Princess Dashkova's Mon histoire and Russian Classicist Tragedy

Marcus Levitt, University of Southern California

Dashkova's Mon histoire was written in French and at the start of the nineteenth century. Yet, as Kelly Herold has argued, it has every right to be considered part of Russian literature, and it may be best understood—I will argue in this paper—not as much within the contemporary literary context of the time of its writing (the 1810's) but as testimony to the specific cultural values of Catherinean Russia. Further, we will contend that Dashkova's view of herself is conceived in markedly dramatic, theatrical terms, reflecting the values of that earlier era, perhaps displayed most clearly in Russian Classicist tragedy.

As a literary and psychological document, Dashkova's autobiography has remained somewhat of a puzzle to scholars. On the one hand, Dashkova promises full revelation, famously declaring that "I want to disguise nothing in this narrative." On the other, as Alexander Woronzoff-Dashkov and others have shown, Mon histoire may be seen as a game of masks, a series of artificial poses that seem to put into question the underlying unity of the whole. This paradox, I will argue, is fundamental to Russian Classicist tragedy, in which there is a striking tension between a strongly authoritative sense of self conceived in sharply moral terms, and what might seem to be a contradictory assertion of its total altruism and selflessness. (The dramatic crisis in tragedy may be seen to flow from the problem of reconciling these two aspects of the self.) This is not to suggest that Dashkova consciously modeled her self-image on Russian drama—although she was intimately familiar with this tradition, and the text of Mon histoire is sprinkled with theatrical terminology. Rather, we will argue that Mon histoire echoes the moral discourse of the Russian tragic stage and enacts its own analogous display of virtue.

Tragic theater, after all, was meant to offer the highest model of human behavior, and as Gukovskij and others have asserted, the stage was meant as a "school of aristocratic virtue." The ethical system of the age was itself theatrical, public, idealizing the transparency of virtue.
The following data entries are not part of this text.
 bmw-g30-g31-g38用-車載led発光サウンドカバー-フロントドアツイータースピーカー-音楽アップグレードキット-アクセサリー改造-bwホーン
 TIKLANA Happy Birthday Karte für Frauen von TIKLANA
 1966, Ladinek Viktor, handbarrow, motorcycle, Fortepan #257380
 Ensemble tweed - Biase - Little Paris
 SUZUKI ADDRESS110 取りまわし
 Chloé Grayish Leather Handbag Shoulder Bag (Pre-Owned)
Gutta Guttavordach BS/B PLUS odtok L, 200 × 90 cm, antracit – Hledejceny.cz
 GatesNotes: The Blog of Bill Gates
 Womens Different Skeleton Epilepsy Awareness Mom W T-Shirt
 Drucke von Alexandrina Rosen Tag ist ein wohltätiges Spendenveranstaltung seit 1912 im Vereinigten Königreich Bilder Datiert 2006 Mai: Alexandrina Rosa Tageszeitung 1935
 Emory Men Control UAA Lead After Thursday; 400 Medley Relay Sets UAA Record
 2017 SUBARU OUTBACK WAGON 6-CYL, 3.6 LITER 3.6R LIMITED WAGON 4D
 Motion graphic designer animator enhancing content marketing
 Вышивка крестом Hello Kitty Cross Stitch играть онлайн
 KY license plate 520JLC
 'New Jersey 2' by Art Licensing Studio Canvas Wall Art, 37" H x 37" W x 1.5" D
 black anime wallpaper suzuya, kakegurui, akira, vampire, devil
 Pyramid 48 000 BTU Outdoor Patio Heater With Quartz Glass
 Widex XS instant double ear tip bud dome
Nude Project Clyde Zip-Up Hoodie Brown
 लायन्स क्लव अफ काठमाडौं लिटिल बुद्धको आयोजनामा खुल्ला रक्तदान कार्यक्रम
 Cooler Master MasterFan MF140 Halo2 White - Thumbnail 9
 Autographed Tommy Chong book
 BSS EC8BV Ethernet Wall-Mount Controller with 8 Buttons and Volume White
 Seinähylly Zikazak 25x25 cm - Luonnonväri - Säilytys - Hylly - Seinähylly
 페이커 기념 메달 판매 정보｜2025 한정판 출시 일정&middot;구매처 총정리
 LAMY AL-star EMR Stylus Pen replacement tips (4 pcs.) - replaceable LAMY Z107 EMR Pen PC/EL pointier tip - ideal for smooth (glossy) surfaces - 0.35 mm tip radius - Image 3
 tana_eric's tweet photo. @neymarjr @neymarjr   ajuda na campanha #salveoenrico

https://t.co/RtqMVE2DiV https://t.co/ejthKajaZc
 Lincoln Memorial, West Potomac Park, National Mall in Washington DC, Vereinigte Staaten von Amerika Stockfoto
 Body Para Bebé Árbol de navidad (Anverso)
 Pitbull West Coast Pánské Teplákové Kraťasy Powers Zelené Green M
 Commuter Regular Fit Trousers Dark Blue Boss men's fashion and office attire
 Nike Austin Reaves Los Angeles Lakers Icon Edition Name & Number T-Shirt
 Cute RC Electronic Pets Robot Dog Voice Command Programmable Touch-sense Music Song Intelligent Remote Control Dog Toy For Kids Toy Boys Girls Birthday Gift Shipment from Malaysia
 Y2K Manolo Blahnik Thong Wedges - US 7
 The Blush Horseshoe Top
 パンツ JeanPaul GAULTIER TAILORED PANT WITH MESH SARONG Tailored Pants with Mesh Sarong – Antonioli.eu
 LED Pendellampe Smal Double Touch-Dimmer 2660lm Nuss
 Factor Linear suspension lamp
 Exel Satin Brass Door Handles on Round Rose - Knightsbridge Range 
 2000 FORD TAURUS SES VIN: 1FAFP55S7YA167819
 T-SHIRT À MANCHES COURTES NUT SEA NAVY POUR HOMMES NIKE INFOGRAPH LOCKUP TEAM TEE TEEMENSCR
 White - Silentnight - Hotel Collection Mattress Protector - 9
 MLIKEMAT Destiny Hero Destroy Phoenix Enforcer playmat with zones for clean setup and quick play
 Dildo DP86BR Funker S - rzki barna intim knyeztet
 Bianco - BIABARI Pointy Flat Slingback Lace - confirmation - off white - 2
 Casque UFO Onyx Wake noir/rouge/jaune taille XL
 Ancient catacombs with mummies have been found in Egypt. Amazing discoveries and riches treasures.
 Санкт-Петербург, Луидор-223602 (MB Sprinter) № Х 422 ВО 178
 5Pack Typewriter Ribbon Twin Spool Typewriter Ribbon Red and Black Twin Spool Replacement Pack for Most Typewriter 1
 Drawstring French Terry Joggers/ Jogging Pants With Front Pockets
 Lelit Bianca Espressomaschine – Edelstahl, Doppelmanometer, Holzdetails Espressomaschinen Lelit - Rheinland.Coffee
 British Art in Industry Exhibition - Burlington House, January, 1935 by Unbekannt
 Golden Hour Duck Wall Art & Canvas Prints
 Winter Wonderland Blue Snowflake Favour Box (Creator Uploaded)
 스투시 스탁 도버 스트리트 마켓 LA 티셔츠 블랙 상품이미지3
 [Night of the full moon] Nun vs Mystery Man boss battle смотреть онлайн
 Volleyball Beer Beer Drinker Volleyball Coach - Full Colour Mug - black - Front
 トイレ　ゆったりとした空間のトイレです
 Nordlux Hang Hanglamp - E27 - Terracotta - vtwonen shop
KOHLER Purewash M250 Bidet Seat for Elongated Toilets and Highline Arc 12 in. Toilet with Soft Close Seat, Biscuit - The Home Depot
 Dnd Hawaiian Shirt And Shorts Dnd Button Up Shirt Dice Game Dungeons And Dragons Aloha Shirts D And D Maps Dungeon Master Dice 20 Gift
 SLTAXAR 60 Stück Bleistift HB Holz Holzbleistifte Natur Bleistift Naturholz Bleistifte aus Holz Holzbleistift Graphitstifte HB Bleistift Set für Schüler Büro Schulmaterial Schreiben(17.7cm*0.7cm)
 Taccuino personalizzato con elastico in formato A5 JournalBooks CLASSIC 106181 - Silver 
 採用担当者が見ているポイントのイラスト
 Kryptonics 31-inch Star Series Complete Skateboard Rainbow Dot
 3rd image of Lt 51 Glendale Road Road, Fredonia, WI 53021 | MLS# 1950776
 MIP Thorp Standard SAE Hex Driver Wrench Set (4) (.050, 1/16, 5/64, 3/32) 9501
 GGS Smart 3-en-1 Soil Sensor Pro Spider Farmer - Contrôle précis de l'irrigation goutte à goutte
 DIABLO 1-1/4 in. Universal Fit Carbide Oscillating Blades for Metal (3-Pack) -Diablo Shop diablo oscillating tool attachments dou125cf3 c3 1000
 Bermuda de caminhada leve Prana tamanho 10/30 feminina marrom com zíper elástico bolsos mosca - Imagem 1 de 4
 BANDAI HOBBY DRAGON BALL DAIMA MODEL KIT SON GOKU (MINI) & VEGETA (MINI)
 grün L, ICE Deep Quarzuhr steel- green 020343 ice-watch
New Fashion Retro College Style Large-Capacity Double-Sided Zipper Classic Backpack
Dashkova conceives of herself as totally and transparently virtuous, portraying the kind of heroic "great soul" set forth in tragedies, surrounded by a world that cannot possibly equal or appreciate her. At one point she describes herself as "an unhappy princess over whom a wicked wizard had cast an age-long spell" (242), and this is an apt characterization of the tragic heroine's self-consciousness. The "tragic" element in some sense represents the "objective" element of reality that always intrudes to frustrate the happy ending. The princess remains "unhappy," although never a failure—as in the Classicist conception of tragedy, she firmly retains the high moral grounds.

The paper will focus on Dashkova's relationship to Catherine the Great, who served her as a never fully-realized ideal, a foil and role model, and it will also examine episodes concerning the problem of reward and recognition, which serve to illustrate Dashkova's negotiation of self-worth. It will offer speculation on what may be called a "Classicist" model of the "selfless self," and the "apsychological innocence" and "eighteenth-century transparency" of self-conception that Thomas Newlin recently remarked upon in his study of Andrei Bolotov.